Afschuwelijke stroom aan gewonden in Oost-Ghouta
Artsen Zonder Grenzen deelt medische data van ziekenhuizen in het belegerde Oost-Ghouta in Syrië. De data beslaan de eerste twee weken van het militaire offensief en tonen aan hoe er een constante en massale toestroom van gewonden is. Op een moment dat er nauwelijks nodig medisch materiaal voorradig is, worden ziekenhuizen geraakt bij bombardementen. Het medisch personeel is totaal uitgeput.
In de twee weken, van 18 februari tot 3 maart, werden 4829 gewonden geteld en 1005 doden, gemiddeld 344 gewonden en 71 doden per dag. Deze gegevens komen van tien medische faciliteiten die Artsen Zonder Grenzen ondersteunt in Oost-Ghouta. Twee van deze faciliteiten hebben nog geen gegevens doorgegeven voor 3 maart, dus het gaat om een onderschatting. Bovendien zijn er ook heel wat ziekenhuizen die geen steun van Artsen Zonder Grenzen krijgen, zodat het totale aantal slachtoffers ongetwijfeld nog hoger ligt.

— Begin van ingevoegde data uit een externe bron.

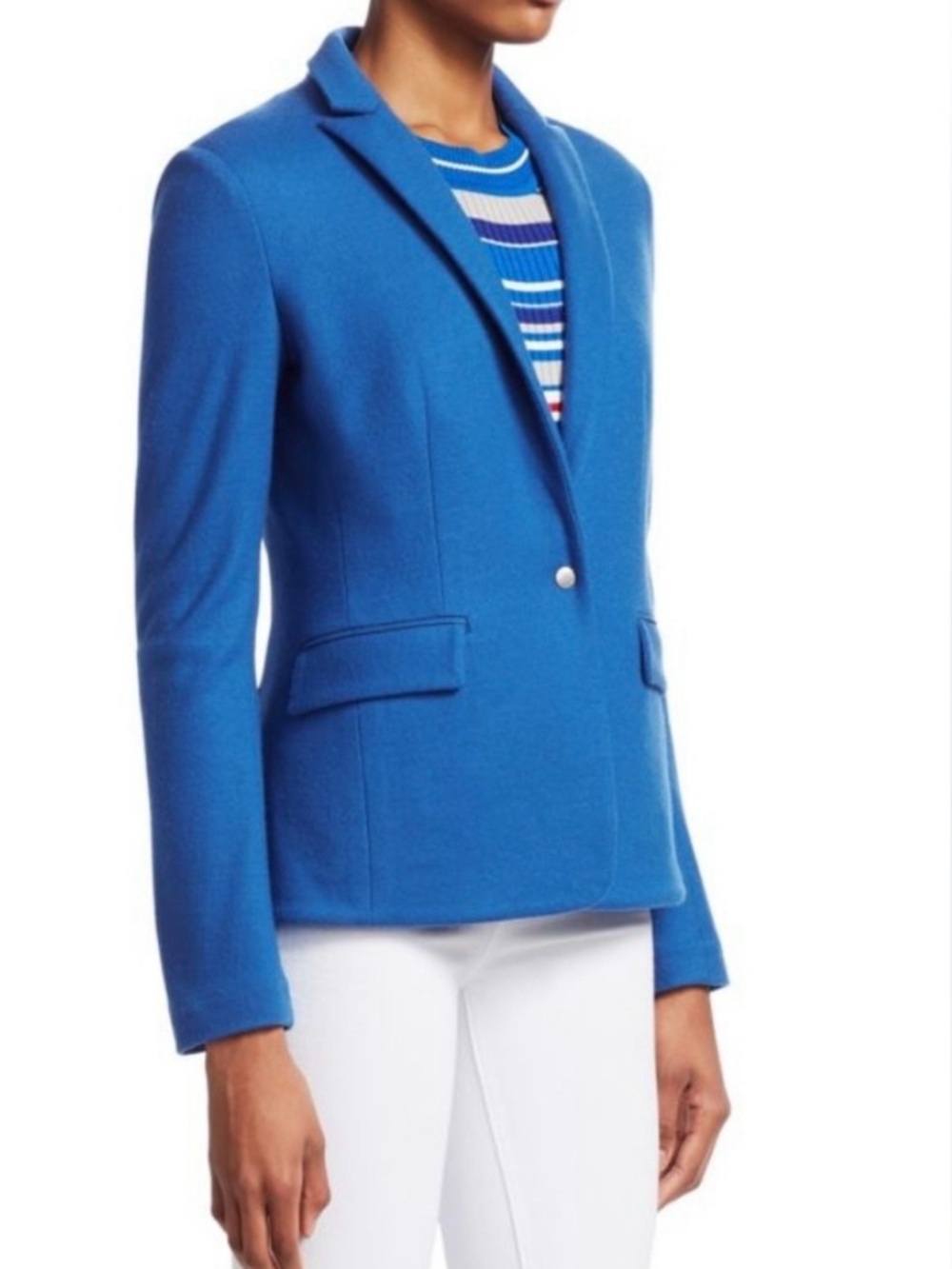 rag & bone Vibrant Blue Single-Button Tailored Blazer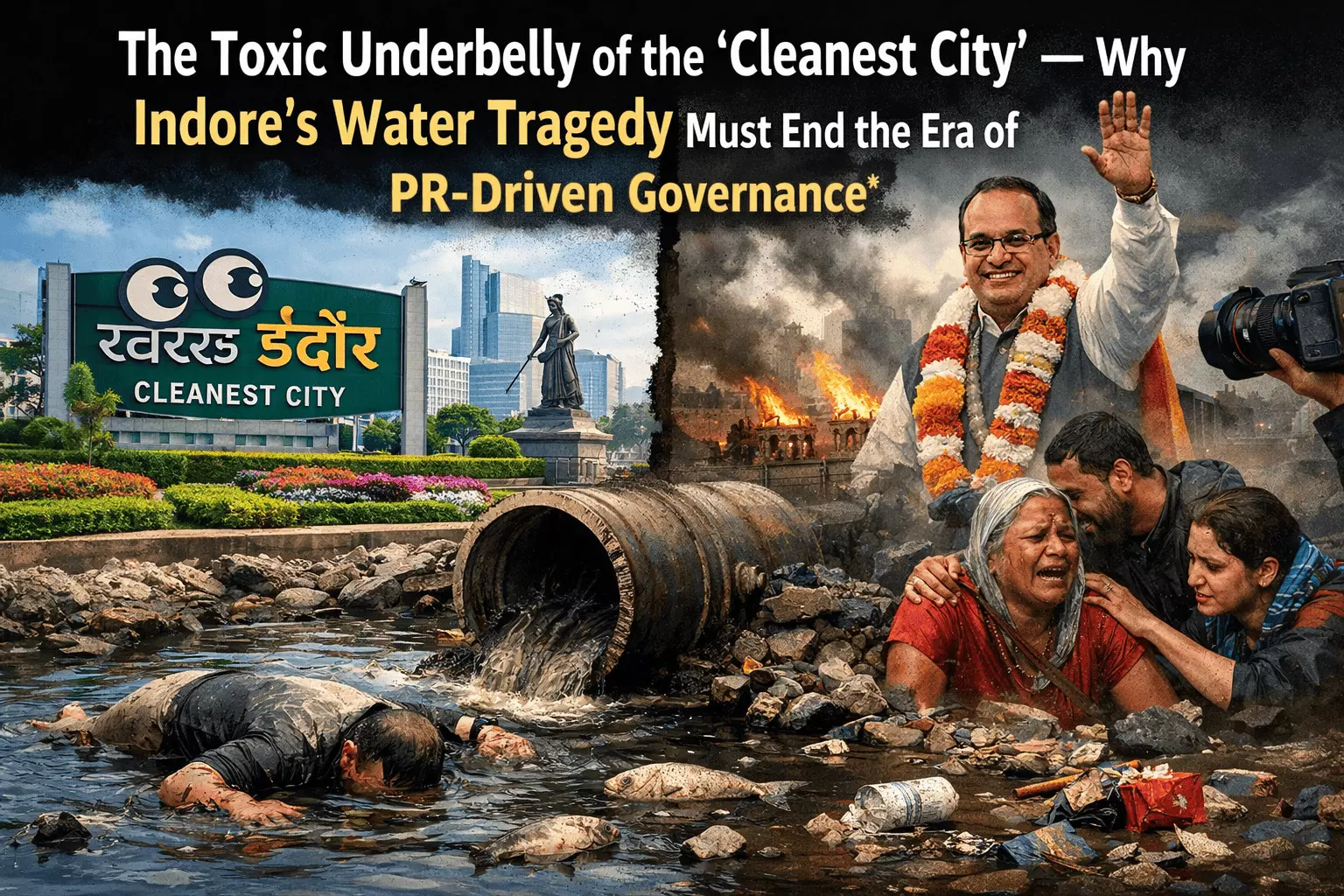 The Toxic Underbelly of the Cleanest City — Why Indore’s Water Tragedy Must End the Era of PR-Driven Governance* The Toxic Underbelly of the Cleanest City — Why Indore’s Water Tragedy Must End the Era of PR-Driven Governance*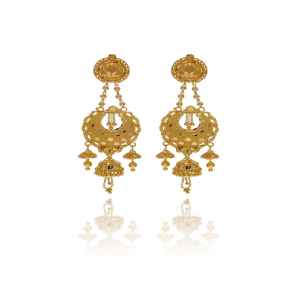 Golden Graceful Earrings-1060006102152AA S252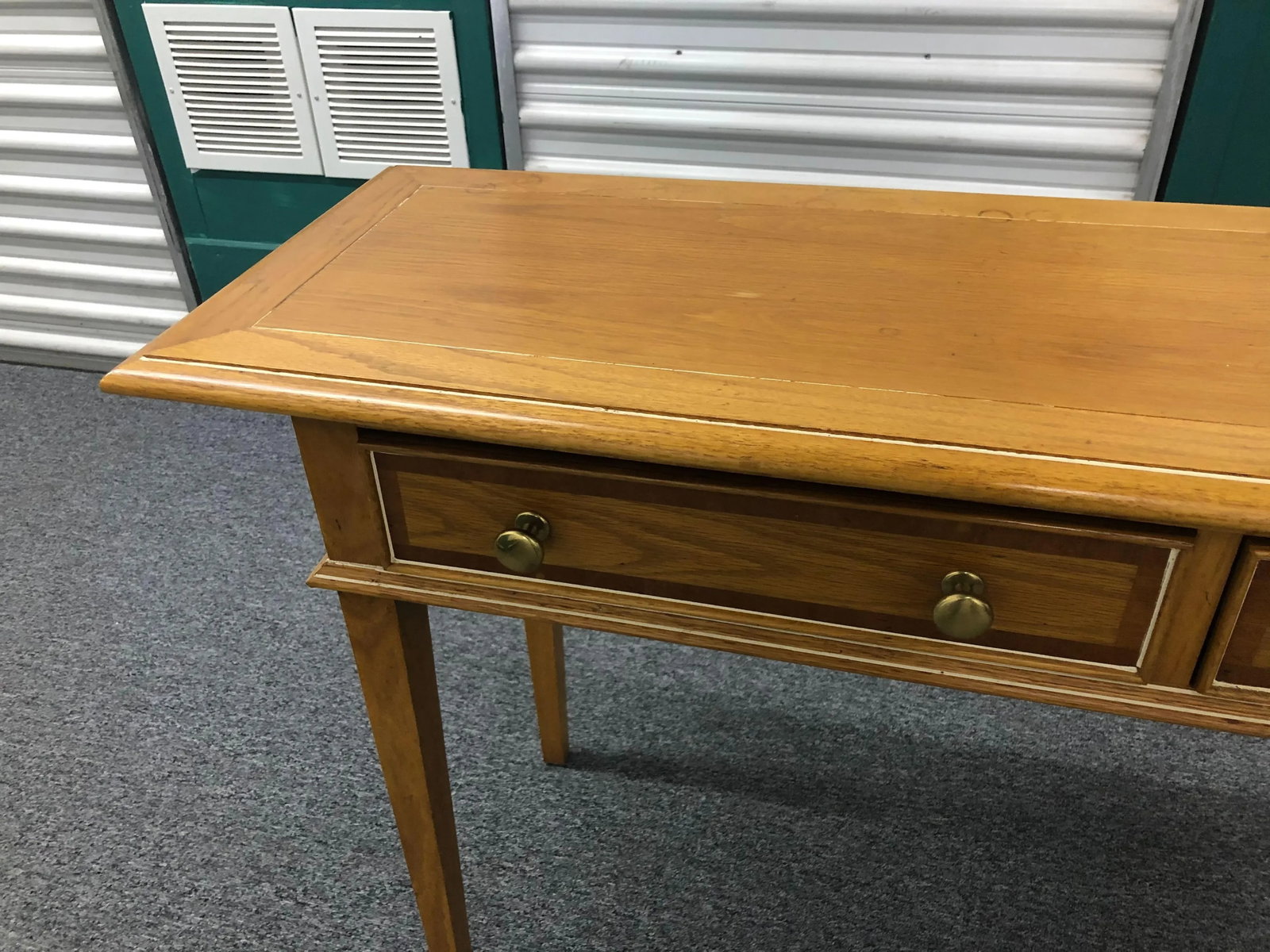 Century Fine Furniture Oak Console Table - 2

“Deze cijfers spreken boekdelen. Maar sprekender nog zijn de conversaties die we hebben met het medisch personeel ter plaatse,” zegt Meinie Nicolai, algemeen directeur van Artsen Zonder Grenzen. “Elke dag klinken zij wanhopiger. De limieten van wat ze kunnen doen, zijn bereikt. Ze zijn uitgeput en staan op instorten. Ze hebben nauwelijks tijd om te slapen, en moeten voortdurend bombardementen vrezen. Ze doen hun best om iets dat lijkt op medische hulp te blijven bieden, maar het is hopeloos. De situatie, en de strijdende partijen die het oorlogsrecht voortdurend met de voeten treden, dwingen hen om in feite het onmogelijke te doen.”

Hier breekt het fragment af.